Recorded data:
######

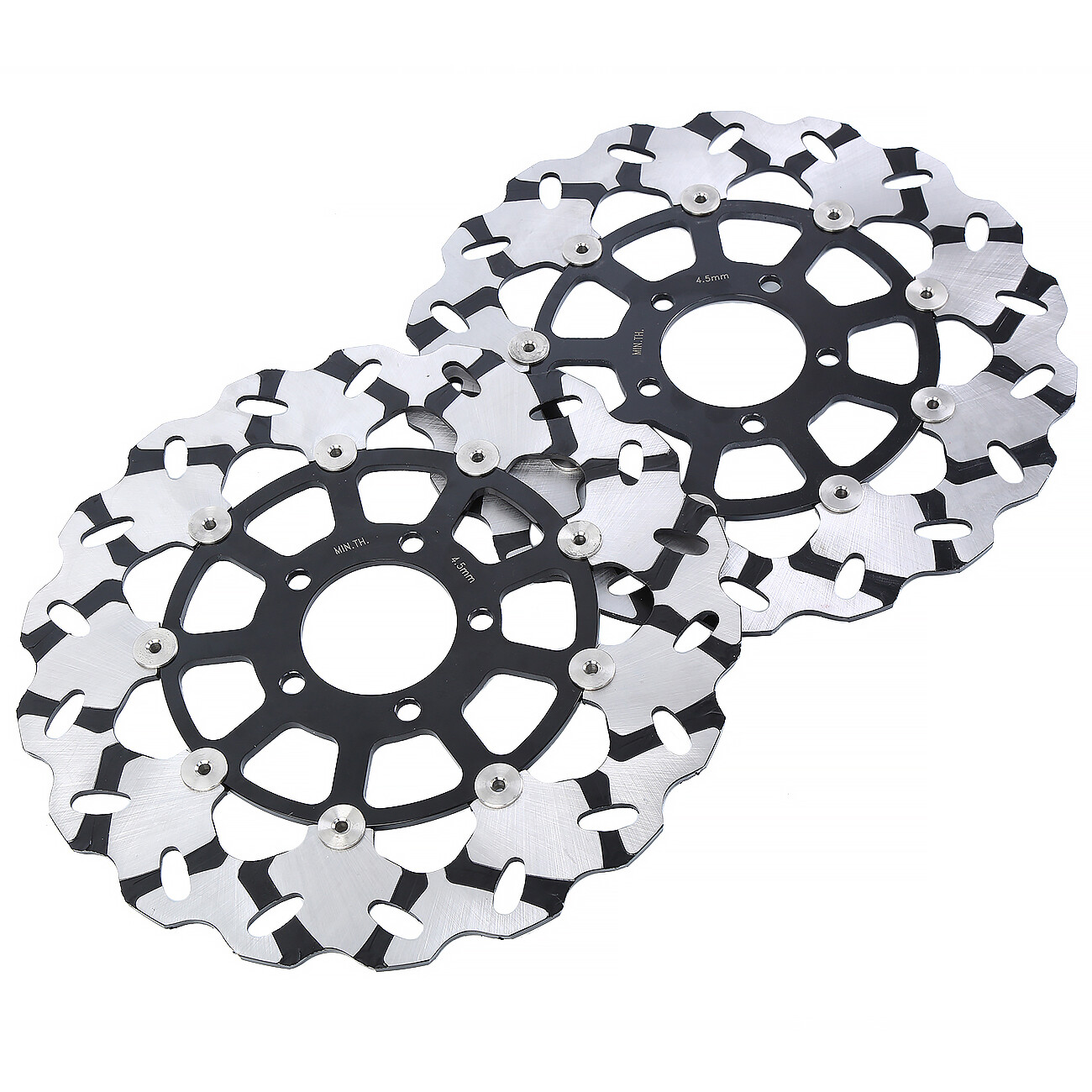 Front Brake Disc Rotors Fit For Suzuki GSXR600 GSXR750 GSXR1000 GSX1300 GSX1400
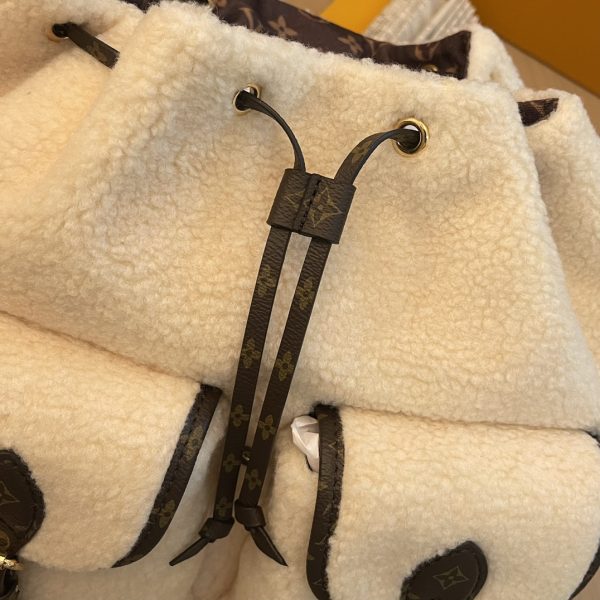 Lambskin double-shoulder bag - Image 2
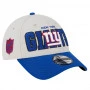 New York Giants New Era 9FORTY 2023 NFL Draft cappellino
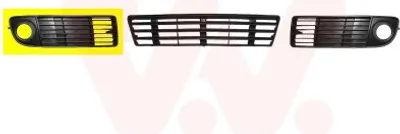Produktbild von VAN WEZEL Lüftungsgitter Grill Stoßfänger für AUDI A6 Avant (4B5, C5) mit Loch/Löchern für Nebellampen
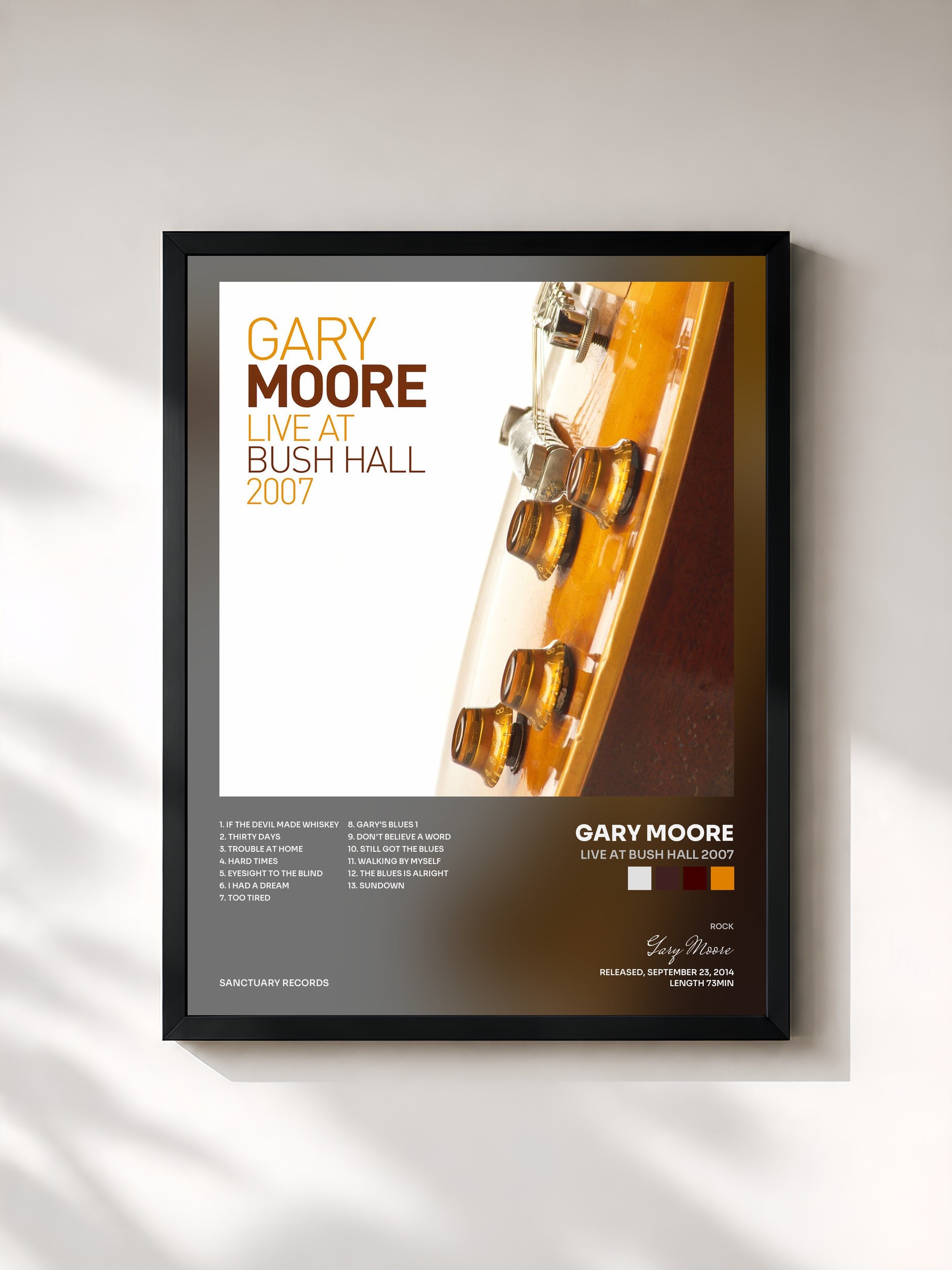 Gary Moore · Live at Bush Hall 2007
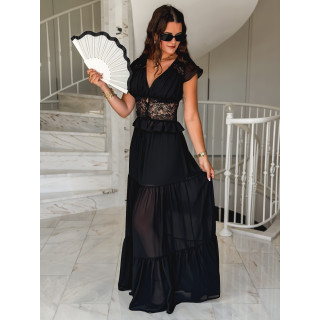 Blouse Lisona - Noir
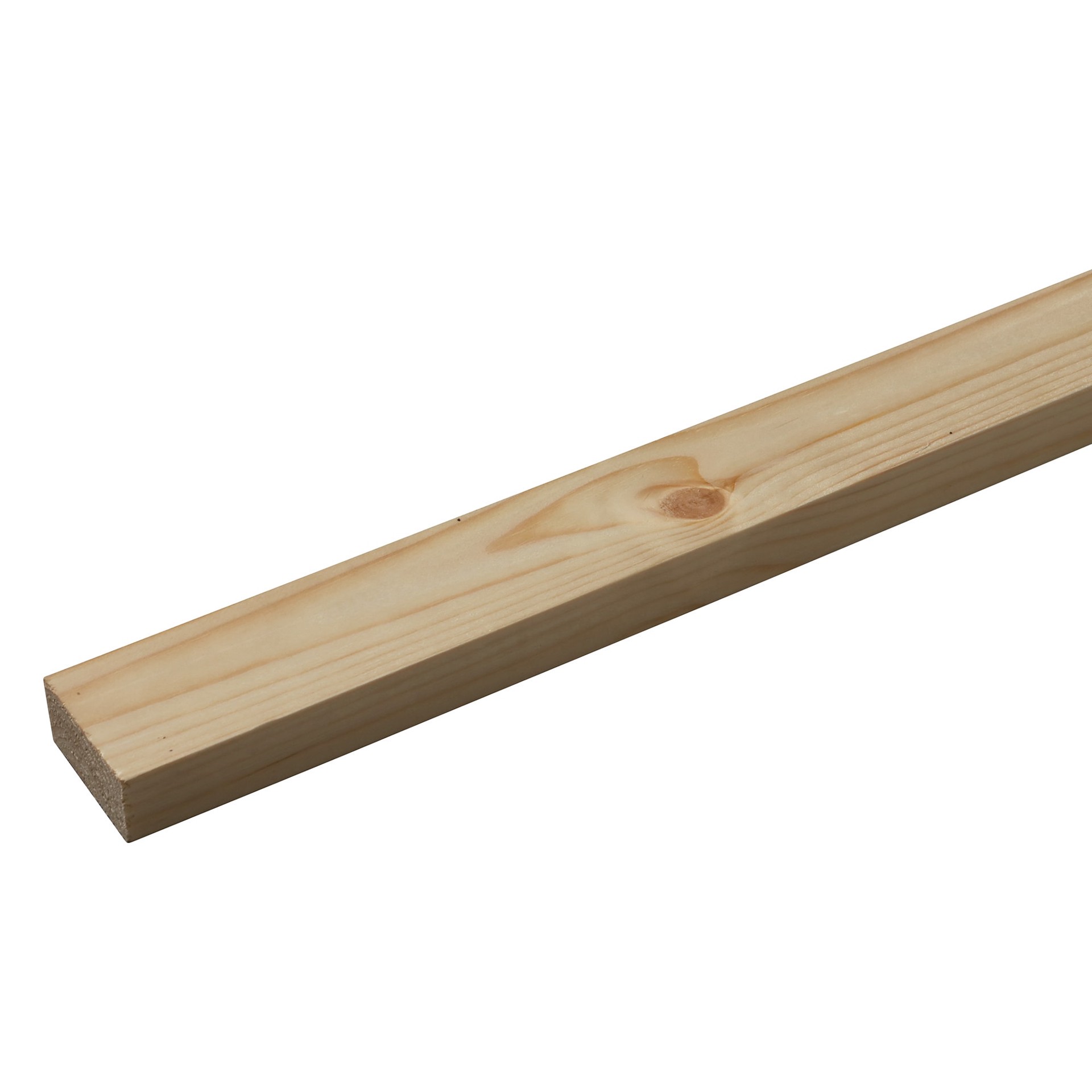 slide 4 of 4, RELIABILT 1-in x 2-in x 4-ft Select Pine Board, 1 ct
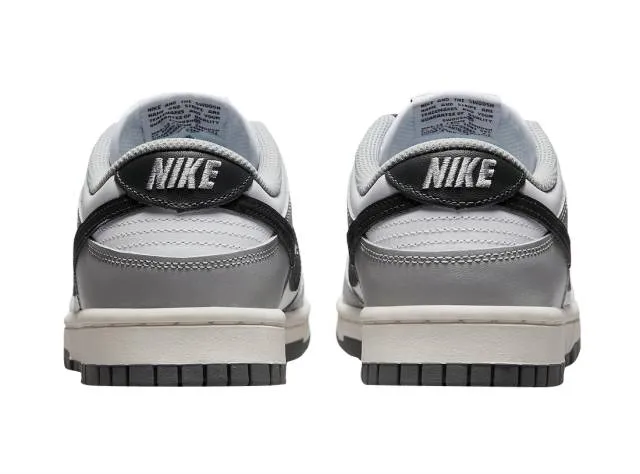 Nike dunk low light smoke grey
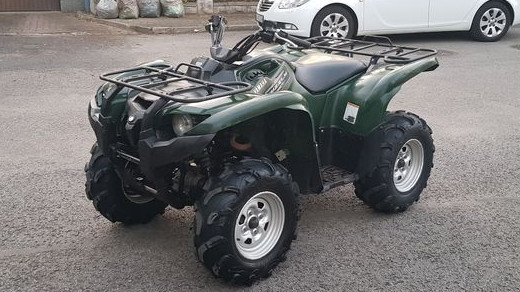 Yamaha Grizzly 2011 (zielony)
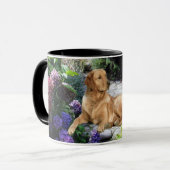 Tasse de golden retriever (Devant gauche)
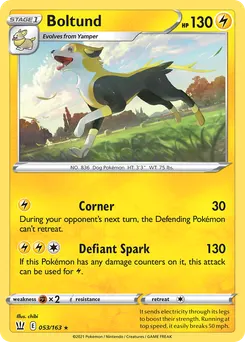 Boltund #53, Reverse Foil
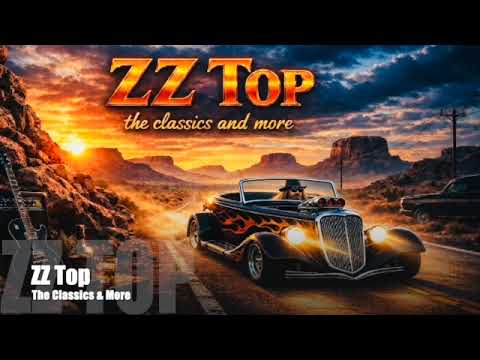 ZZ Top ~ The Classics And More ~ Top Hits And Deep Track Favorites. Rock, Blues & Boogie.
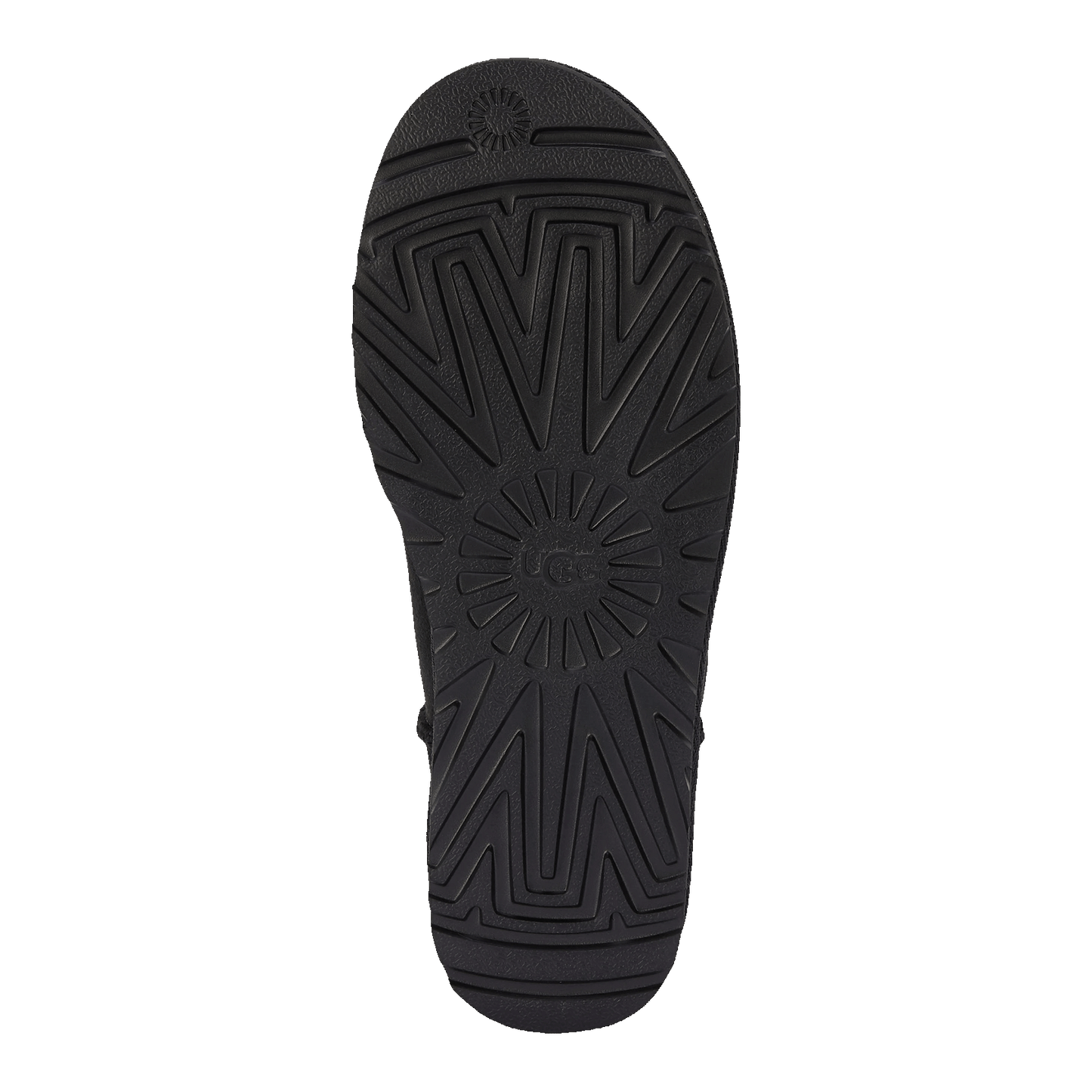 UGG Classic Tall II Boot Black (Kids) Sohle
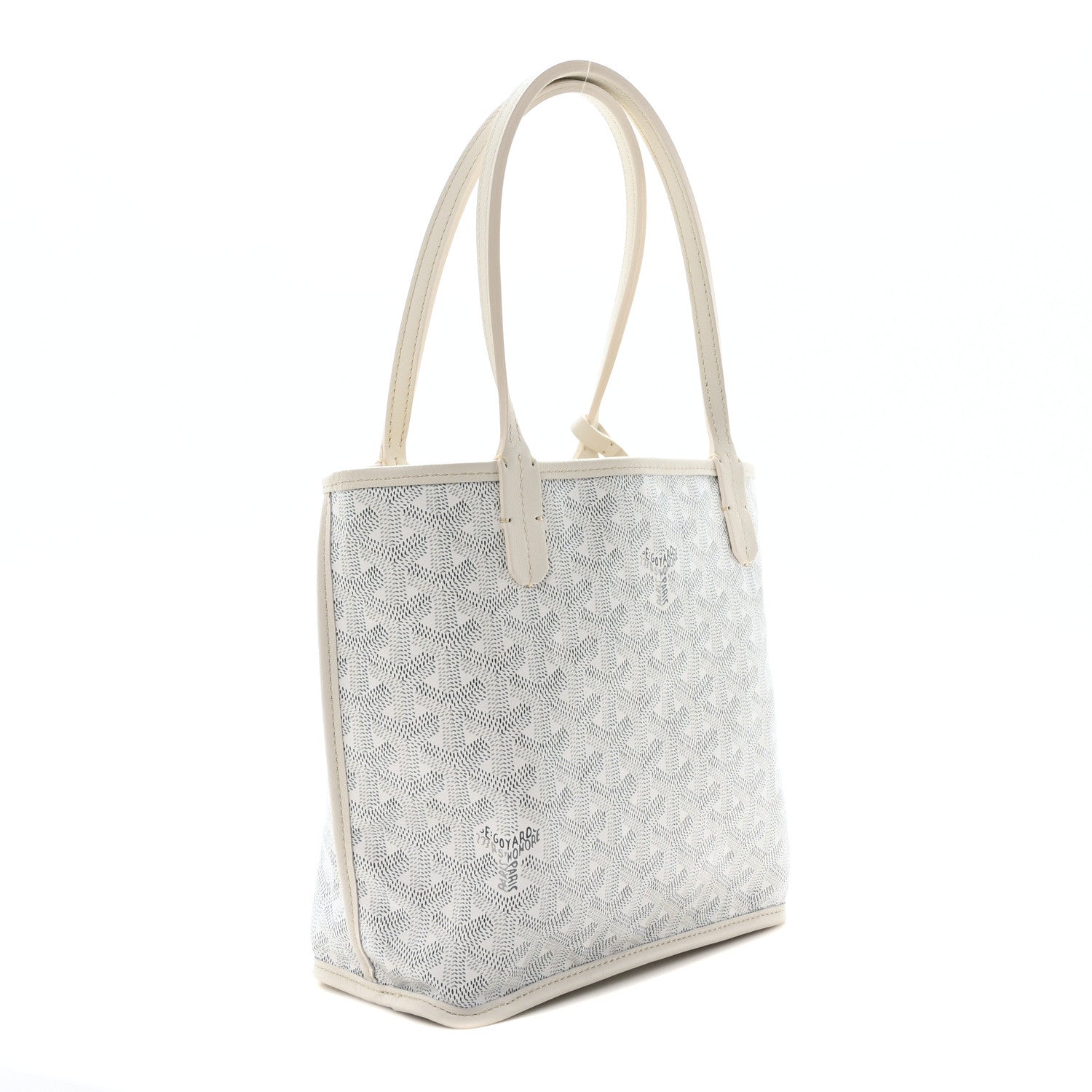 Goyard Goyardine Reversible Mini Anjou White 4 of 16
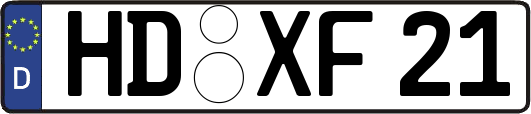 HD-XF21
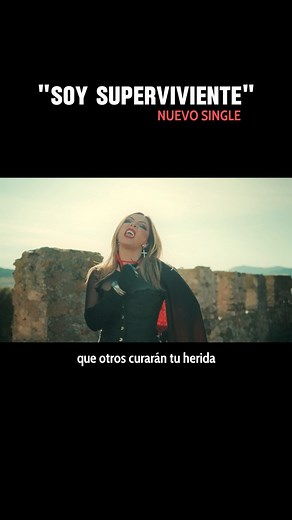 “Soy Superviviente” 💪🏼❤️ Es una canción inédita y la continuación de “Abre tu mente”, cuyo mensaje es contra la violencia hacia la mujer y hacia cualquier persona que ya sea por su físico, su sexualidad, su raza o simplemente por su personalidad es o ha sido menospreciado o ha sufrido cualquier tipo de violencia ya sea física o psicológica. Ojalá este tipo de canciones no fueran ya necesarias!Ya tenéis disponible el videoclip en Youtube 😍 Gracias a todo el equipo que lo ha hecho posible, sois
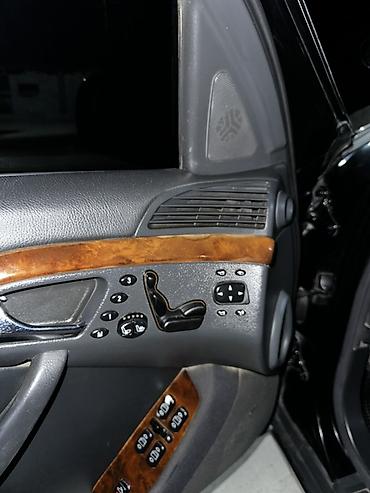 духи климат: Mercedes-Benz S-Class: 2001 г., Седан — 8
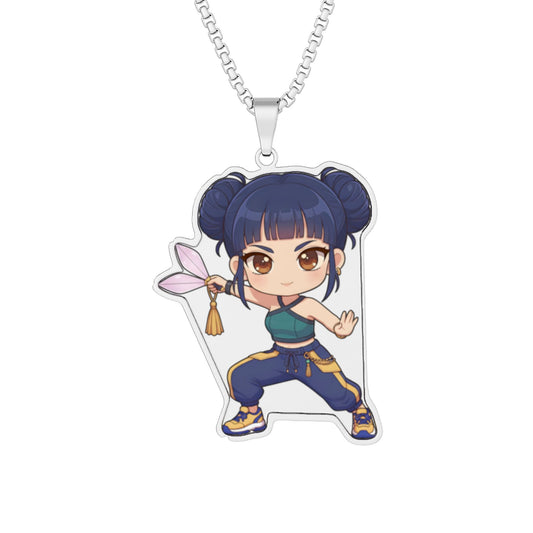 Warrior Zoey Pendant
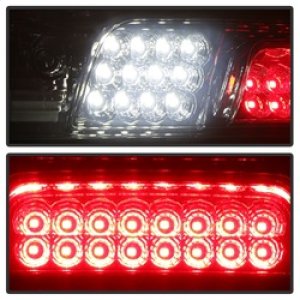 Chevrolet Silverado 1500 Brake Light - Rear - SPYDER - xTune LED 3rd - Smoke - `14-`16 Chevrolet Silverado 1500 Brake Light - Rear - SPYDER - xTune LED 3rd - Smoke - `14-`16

######

WHAT IS BEING ASKED: With images omitted, output the data exactly as given.

REPLY TO THE EXERCISE:
 Front Brake Disc Rotors Fit For Suzuki GSXR600 GSXR750 GSXR1000 GSX1300 GSX1400
 Lambskin double-shoulder bag - Image 2
 New York Giants New Era 9FORTY 2023 NFL Draft cappellino
Produktbild von VAN WEZEL Lüftungsgitter Grill Stoßfänger für AUDI A6 Avant (4B5, C5) mit Loch/Löchern für Nebellampen
 Gary Moore · Live at Bush Hall 2007
 Blouse Lisona - Noir
 slide 4 of 4, RELIABILT 1-in x 2-in x 4-ft Select Pine Board, 1 ct
 Nike dunk low light smoke grey
 Yamaha Grizzly 2011 (zielony)
 Tasse de golden retriever (Devant gauche)
 Boltund #53, Reverse Foil
 ZZ Top ~ The Classics And More ~ Top Hits And Deep Track Favorites. Rock, Blues & Boogie.
 UGG Classic Tall II Boot Black (Kids) Sohle
 Goyard Goyardine Reversible Mini Anjou White 4 of 16
 HD-XF21
 “Soy Superviviente” 💪🏼❤️ Es una canción inédita y la continuación de “Abre tu mente”, cuyo mensaje es contra la violencia hacia la mujer y hacia cualquier persona que ya sea por su físico, su sexualidad, su raza o simplemente por su personalidad es o ha sido menospreciado o ha sufrido cualquier tipo de violencia ya sea física o psicológica. Ojalá este tipo de canciones no fueran ya necesarias!Ya tenéis disponible el videoclip en Youtube 😍 Gracias a todo el equipo que lo ha hecho posible, sois
 духи климат: Mercedes-Benz S-Class: 2001 г., Седан — 8
 Warrior Zoey Pendant
 Chevrolet Silverado 1500 Brake Light - Rear - SPYDER - xTune LED 3rd - Smoke - `14-`16 Chevrolet Silverado 1500 Brake Light - Rear - SPYDER - xTune LED 3rd - Smoke - `14-`16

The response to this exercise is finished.